LeetCode 2129 title capitalization rule diagram for short words lowercase and long words title case

English

Problem Summary

Given a title string made of words separated by single spaces, transform each word by rule: if its length is at most 2, make all letters lowercase; otherwise capitalize only the first letter and lowercase the rest.

Key Insight

This is direct simulation. Split by spaces, normalize each word to lowercase first, then for words with length > 2 uppercase the first character. Join words back with spaces.

Algorithm

- Split title into words.
- For each word, convert to lowercase.
- If word length > 2, replace first char with uppercase version.
- Join processed words with a single space.

Complexity Analysis

Let n be total characters.
Time: O(n).
Space: O(n) for the output buffer/list.

Common Pitfalls

- Forgetting to lowercase long words before uppercasing first letter.
- Applying title-case to 1-2 letter words (should stay all lowercase).
- Losing spaces or introducing extra delimiters when rebuilding string.

Reference Implementations (Java / Go / C++ / Python / JavaScript)

class Solution {
    public String capitalizeTitle(String title) {
        String[] words = title.split(" ");
        for (int i = 0; i < words.length; i++) {
            String w = words[i].toLowerCase();
            if (w.length() > 2) {
                words[i] = Character.toUpperCase(w.charAt(0)) + w.substring(1);
            } else {
                words[i] = w;
            }
        }
        return String.join(" ", words);
    }
}

func capitalizeTitle(title string) string {
    words := strings.Split(title, " ")
    for i, w := range words {
        w = strings.ToLower(w)
        if len(w) > 2 {
            words[i] = strings.ToUpper(w[:1]) + w[1:]
        } else {
            words[i] = w
        }
    }
    return strings.Join(words, " ")
}

class Solution {
public:
    string capitalizeTitle(string title) {
        for (int i = 0; i < (int)title.size();) {
            int j = i;
            while (j < (int)title.size() && title[j] != ' ') {
                title[j] = tolower(title[j]);
                ++j;
            }
            if (j - i > 2) title[i] = toupper(title[i]);
            i = j + 1;
        }
        return title;
    }
};

class Solution:
    def capitalizeTitle(self, title: str) -> str:
        words = title.split(" ")
        for i, w in enumerate(words):
            w = w.lower()
            if len(w) > 2:
                words[i] = w[0].upper() + w[1:]
            else:
                words[i] = w
        return " ".join(words)

var capitalizeTitle = function(title) {
  const words = title.split(' ');
  for (let i = 0; i < words.length; i++) {
    let w = words[i].toLowerCase();
    if (w.length > 2) {
      words[i] = w[0].toUpperCase() + w.slice(1);
    } else {
      words[i] = w;
    }
  }
  return words.join(' ');
};

中文

题目概述

给定一个由单空格分隔单词组成的标题字符串。
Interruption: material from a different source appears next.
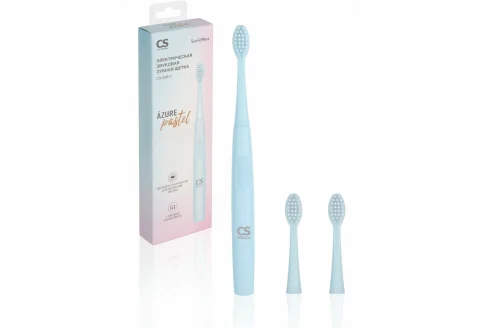 CS Medica CS-888-H зубная щетка электр голубая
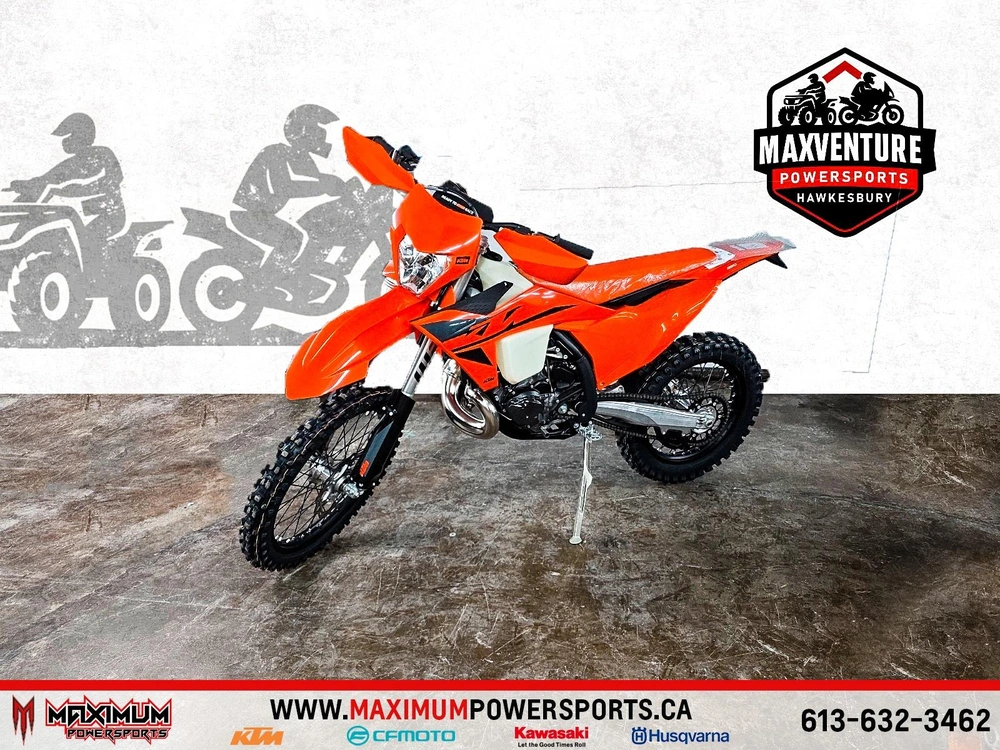 Ktm 250 Xc-w 2025 alt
转换规则：单词长度 ≤ 2 时全部小写；长度 > 2 时仅首字母大写，其余字母小写。

核心思路

这是标准模拟题。先按空格切词，对每个词先统一转小写，再根据长度决定是否把首字母转大写，最后按空格拼接回去即可。

算法步骤

- 按空格拆分为单词数组。
- 遍历每个单词并先转小写。
- 若长度 > 2，则仅将首字符转大写。
- 处理完成后用空格连接返回。

复杂度分析

设总字符数为 n。
时间复杂度：O(n)。
空间复杂度：O(n)（输出与中间数组）。

常见陷阱

- 忘记先转小写，导致长单词中后续字母保留原始大写。
- 错把长度 1 或 2 的单词处理成首字母大写。
- 重建字符串时空格处理不当，导致多空格或缺空格。

多语言参考实现（Java / Go / C++ / Python / JavaScript）

class Solution {
    public String capitalizeTitle(String title) {
        String[] words = title.split(" ");
        for (int i = 0; i < words.length; i++) {
            String w = words[i].toLowerCase();
            if (w.length() > 2) {
                words[i] = Character.toUpperCase(w.charAt(0)) + w.substring(1);
            } else {
                words[i] = w;
            }
        }
        return String.join(" ", words);
    }
}

func capitalizeTitle(title string) string {
    words := strings.Split(title, " ")
    for i, w := range words {
        w = strings.ToLower(w)
        if len(w) > 2 {
            words[i] = strings.ToUpper(w[:1]) + w[1:]
        } else {
            words[i] = w
        }
    }
    return strings.Join(words, " ")
}

class Solution {
public:
    string capitalizeTitle(string title) {
        for (int i = 0; i < (int)title.size();) {
            int j = i;
            while (j < (int)title.size() && title[j] != ' ') {
                title[j] = tolower(title[j]);
                ++j;
            }
            if (j - i > 2) title[i] = toupper(title[i]);
            i = j + 1;
        }
        return title;
    }
};

class Solution:
    def capitalizeTitle(self, title: str) -> str:
        words = title.split(" ")
        for i, w in enumerate(words):
            w = w.lower()
            if len(w) > 2:
                words[i] = w[0].upper() + w[1:]
            else:
                words[i] = w
        return " ".join(words)

var capitalizeTitle = function(title) {
  const words = title.split(' ');
  for (let i = 0; i < words.length; i++) {
    let w = words[i].toLowerCase();
    if (w.length > 2) {
      words[i] = w[0].toUpperCase() + w.slice(1);
    } else {
      words[i] = w;
    }
  }
  return words.join(' ');
};